Your son knows where he wants to go to college. Your daughter knows what she wants to major in. But do you know how you’re going to pay for their college educations?
It’s no secret that college tuition, even at in-state, public universities, continues to rise at a rate far outpacing inflation, and that paying for college has become an even more challenging task.
Fortunately, students and their families can ease the pain of paying for college by applying for a wide range of student loans. Unlike scholarships, student loans have to be paid back. However, these loans come with favorable terms, such as low interest rates and payments that don’t come due until several months after students have graduated.
Before your sons or daughters head off to college, make sure you — and they — understand the basics of student loans. The odds are high that they will need to take on at least some student loan debt to make it to graduation.
Student Loans 101
There are two main types of student loans: federal and private.
Federal student loans — including the common Stafford loan — are the better of the two options because they tend to have lower interest rates. Students also do not have to repay these loans until after they graduate or leave school. In fact, federal student loans account for nearly 70 percent of all the student aid received by graduate and undergraduate students.
Most federal student loans are handed out on a need basis. In other words, students are more likely to receive federal loans if they can demonstrate that they need financial assistance to afford the costs of college tuition and fees. The main challenge with federal student loans is that they are limited. There is only so much assistance students can get in the form of these loans, and again, this limit is based upon students’ financial needs.
A popular type of federal student loan, the Stafford loan, comes in two main types: subsidized and unsubsidized. With subsidized Stafford loans, the federal government pays the interest for students who attend classes at least on a half-time basis. Like other federal loans, this loan is given out on a need basis.
With unsubsidized Stafford loans, students have to repay the accrued interest. Additionally, this loan is not awarded based upon financial need.
As the name suggests, private loans are provided by private institutions, such as banks. These loans are not as attractive as federal ones, because they tend to come with higher interest rates. Some private loans may also require students to begin repayment before they graduate, which could prove challenging.

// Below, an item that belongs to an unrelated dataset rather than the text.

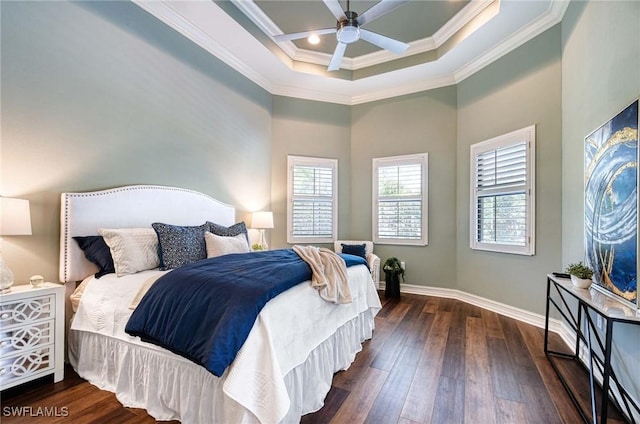 bedroom with crown molding, a towering ceiling, dark hardwood / wood-style floors, and ceiling fan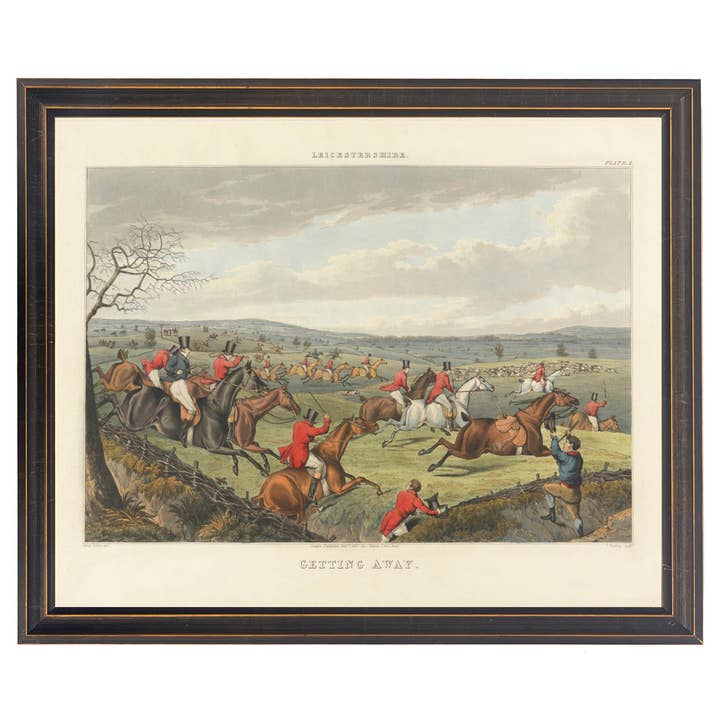 Framed vintage fox hunting print titled 'Getting Away' in a dark wooden frame with gold trim.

Although there are some disadvantages, there are many benefits to private student loans. For one thing, they are not need-based or limited based on your family’s financial standing. They can also fill in the gaps left by federal student loans and often come with higher lending limits, meaning students and their parents can borrow a larger amount of money to cover the costs of college.
Parents can also take out federal student loans, such as the Parent PLUS Loan, to help cover the costs of their children’s college education.
Under these loans, parents can borrow up to the total cost of their dependent children’s college education minus whatever additional financial aid they or their children have already received. For example, if the annual cost of attendance is $25,000, and the student receives $5,000 in student financial aid, the Parent PLUS Loan program can provide parents with up to $20,000 in loans.
Parents can also take out private student loans to cover their children's education costs. Similar to other private loans, this financing might come with higher lending limits, but might also come with higher interest rates, too.
Paying it Back
Between making it to class, term papers, and final exams, students are not often very focused on the debt they incur during college. However, it is still a debt and paying that money back could be a financial burden in the future.
That’s why it’s important for students to do whatever they can to limit their amount of student loan debt. If this means seeking out additional scholarships, attending community college for two years or choosing an in-state school versus a private institution, strong consideration should be given to those options.